RAP-10 PC Sound Card & ATW-10 Software
Published March 1994

Roland's eagerly‑awaited multimedia Windows sound package competes head on with the Sound Blaster Pro and Turtle Beach cards well known to PC musicians. Brian Heywood finds out how the newcomer measures up.

Roland's entry into the Multimedia Windows sound card market has been long awaited, and after numerous name changes they have finally come up with the goods. The Roland Audio Producer (RAP) is a complete multimedia Windows sound package which includes both the audio hardware needed by the PC to make a cheerful noise and the software to make use of it. While the Audio Producer package is not specifically aimed at the musician, Roland's place as one of the major players in the hi‑tech musical instrument world, coupled with their history in PC music, makes it worth a closer look.

For a company that's been involved for so long in both the hi‑tech music business and PC sound cards, Roland have taken a surprisingly long time to jump onto the Windows multimedia bandwagon. They were one of the first companies to make a MIDI interface for the PC — the MPU‑401 — and subsequently produced the LA‑PC and SCC1 PC synthesizer cards based on the MT32 and Sound Canvas sound generation hardware.

With the Audio Producer, Roland have addressed the quality 16‑bit MPC sound card market; the RAP system competes head‑on with the likes of the Sound Blaster Pro and the Turtle Beach series of cards. The package is interesting in a number of ways and has at least one unique feature in that it can apply DSP effects — chorus and reverb — to the digital audio output. The bundled software is also interesting, since it goes one step beyond the sequencer/wave editor/MIDI jukebox software normally supplied with MPC cards, to provide a set of tools for combining the various sound elements.

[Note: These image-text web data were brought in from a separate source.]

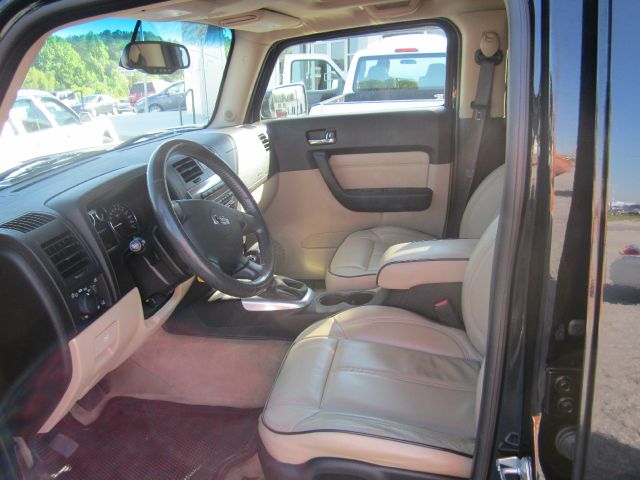 Hummer H3 2006 photo 3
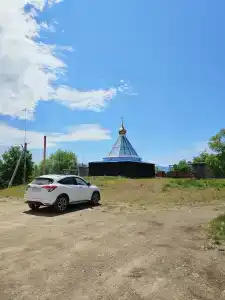 Белое озеро - 13
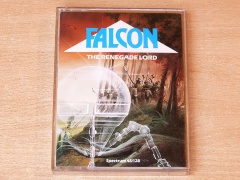 Falcon - The Renegade Lord by Virgin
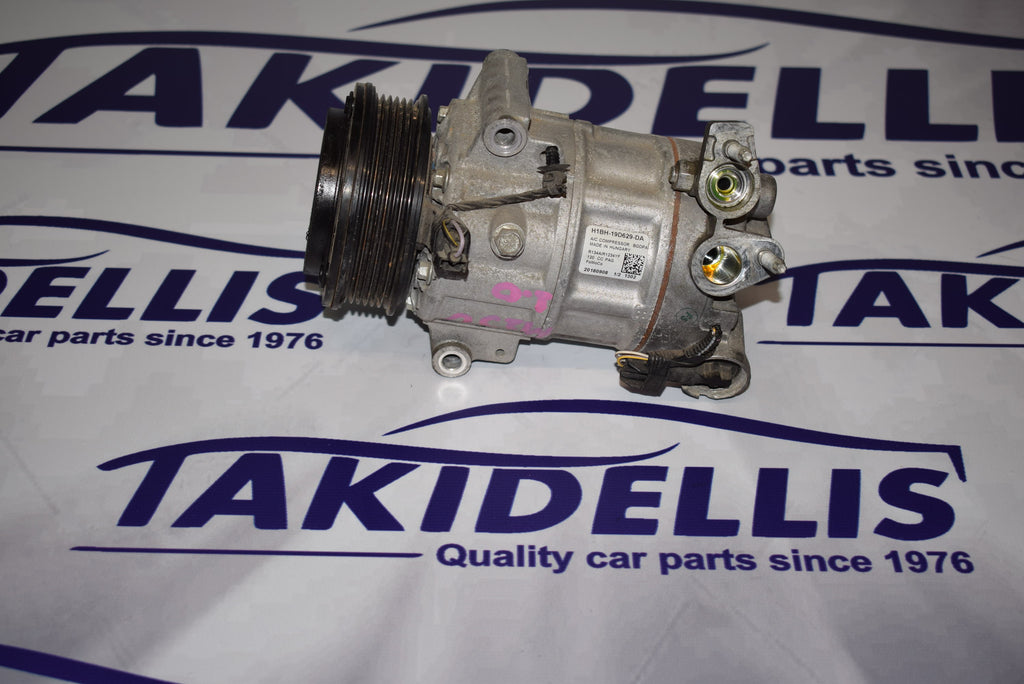 Συμπιεστής Κομπρεσέρ Ford M1JU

The hardware component of the Audio Producer system is the RAP‑10 sound card, a three‑quarter length, 16‑bit PC (i.e. ISA) expansion card. The card has two audio inputs, an audio output and a 15‑way, D‑type socket for connecting a joystick or an external MIDI interface. The audio connectors are located on the back plate of the expansion card and are stereo miniature phone sockets. The Mic/line input can be configured as either a mono or a stereo input by setting a 'jumper' on the card. The mono setting simply connects both the input channels to the mono sound source; the software decides whether the audio is recorded as a mono or a stereo sound file. The line levels are set at ‑10dBm and the microphone at ‑50dBm, with the auxilary input also being available inside the PC for connection to an internal CD‑ROM drive's audio output.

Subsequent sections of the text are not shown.